It seems there will be 8 rides that IA$LL can be used on, and you can only do two IA$LLs (different ones) per day.

Of those 8, 2 can be gotten on for free* if you win the BG lottery. The other six you can get on for free in the standby line.

If you're going to a park with a BG ride, try for the lottery and then rope drop the other.



*No extra charge
Did they announce some change to the BG process? I've seen a number of people call it a "lottery." Is that new? I thought it was first come, first served.

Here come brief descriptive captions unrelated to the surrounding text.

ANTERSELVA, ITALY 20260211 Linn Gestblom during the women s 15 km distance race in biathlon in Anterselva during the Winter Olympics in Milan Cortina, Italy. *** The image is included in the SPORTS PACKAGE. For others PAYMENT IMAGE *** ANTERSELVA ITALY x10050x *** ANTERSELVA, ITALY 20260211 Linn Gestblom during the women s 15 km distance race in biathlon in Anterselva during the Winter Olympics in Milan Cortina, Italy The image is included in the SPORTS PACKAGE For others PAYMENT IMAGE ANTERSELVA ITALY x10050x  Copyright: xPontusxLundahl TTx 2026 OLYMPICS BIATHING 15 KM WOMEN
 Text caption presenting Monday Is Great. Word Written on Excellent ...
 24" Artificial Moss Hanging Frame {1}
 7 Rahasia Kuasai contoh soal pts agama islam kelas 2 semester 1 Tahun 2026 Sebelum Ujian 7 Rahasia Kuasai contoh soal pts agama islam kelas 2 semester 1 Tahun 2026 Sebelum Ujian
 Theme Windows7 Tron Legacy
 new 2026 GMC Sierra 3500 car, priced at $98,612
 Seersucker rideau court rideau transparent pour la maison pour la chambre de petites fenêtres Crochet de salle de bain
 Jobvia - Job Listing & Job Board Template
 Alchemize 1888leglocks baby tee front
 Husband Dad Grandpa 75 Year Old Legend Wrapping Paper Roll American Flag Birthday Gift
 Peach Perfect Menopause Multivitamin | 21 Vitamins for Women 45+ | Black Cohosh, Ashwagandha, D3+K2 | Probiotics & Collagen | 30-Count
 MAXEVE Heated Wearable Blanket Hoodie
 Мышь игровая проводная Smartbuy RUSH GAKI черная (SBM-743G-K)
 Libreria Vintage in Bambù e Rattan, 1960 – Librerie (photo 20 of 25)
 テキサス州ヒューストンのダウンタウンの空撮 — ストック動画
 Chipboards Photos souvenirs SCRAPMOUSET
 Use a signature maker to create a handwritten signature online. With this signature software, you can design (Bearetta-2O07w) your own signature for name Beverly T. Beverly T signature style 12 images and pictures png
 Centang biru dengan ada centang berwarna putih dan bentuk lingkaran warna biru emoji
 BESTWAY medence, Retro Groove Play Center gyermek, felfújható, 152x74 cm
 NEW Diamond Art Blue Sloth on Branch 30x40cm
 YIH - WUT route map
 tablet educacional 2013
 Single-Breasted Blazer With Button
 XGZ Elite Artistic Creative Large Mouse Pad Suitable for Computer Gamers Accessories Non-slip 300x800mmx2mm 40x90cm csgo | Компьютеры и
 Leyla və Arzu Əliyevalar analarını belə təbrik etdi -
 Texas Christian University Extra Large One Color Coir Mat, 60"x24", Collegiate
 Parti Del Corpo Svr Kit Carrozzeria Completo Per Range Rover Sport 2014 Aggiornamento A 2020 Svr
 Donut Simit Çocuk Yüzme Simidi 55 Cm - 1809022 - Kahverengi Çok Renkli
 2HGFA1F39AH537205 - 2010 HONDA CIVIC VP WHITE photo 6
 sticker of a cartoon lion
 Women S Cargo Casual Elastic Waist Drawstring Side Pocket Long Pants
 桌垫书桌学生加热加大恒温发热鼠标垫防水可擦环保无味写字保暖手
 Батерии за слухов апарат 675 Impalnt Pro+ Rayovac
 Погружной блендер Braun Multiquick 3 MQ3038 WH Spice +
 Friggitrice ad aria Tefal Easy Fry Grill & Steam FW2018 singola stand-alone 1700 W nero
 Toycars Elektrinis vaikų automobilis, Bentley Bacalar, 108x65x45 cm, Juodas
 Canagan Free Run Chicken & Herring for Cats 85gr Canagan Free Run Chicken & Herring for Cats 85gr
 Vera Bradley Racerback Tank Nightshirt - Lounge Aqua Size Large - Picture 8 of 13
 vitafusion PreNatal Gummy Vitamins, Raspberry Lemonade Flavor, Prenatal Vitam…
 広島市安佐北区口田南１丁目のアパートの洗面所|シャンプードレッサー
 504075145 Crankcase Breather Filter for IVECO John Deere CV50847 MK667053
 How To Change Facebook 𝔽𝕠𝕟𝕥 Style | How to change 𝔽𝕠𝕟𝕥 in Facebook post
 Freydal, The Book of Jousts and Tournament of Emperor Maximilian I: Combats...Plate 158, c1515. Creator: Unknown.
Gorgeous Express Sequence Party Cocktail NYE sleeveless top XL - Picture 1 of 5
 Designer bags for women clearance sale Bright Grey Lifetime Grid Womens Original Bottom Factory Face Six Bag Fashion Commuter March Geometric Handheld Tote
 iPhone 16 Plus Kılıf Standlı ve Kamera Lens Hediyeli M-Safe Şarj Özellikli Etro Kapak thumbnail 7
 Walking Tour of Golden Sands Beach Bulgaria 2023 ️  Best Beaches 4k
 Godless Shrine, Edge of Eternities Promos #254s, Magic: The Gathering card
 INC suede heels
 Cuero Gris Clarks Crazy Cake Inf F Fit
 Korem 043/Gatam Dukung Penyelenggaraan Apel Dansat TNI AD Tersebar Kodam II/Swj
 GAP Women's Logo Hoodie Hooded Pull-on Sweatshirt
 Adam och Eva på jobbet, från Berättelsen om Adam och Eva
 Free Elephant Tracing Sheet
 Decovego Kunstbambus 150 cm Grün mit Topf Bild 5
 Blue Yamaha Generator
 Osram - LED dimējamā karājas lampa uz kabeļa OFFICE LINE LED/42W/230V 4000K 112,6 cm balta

Definitely. I saw an early leak that ICP (Individual Character Pricing) will be as follows:

$5 per person/per character = Meet character for 1.5 minutes
$10 per person/per character = Meet character, get picture taken
$15 per person/per character=Meet character, get picture taken, you can also keep the picture
$20 per person/per character=All of the above but the character will whisper a secret in your ear
Many people read these boards who aren't savvy enough to understand that you're joking.
 

el_super

Well-Known Member
You're hanging on semantics when you know the underlying point is still true. The park has more demand then capacity and that's what people are pointing out. Obviously they need capacity people WANT (duh) - but just pointing out they've added stuff while still falling behind in actual load capacity is just non-sense talk.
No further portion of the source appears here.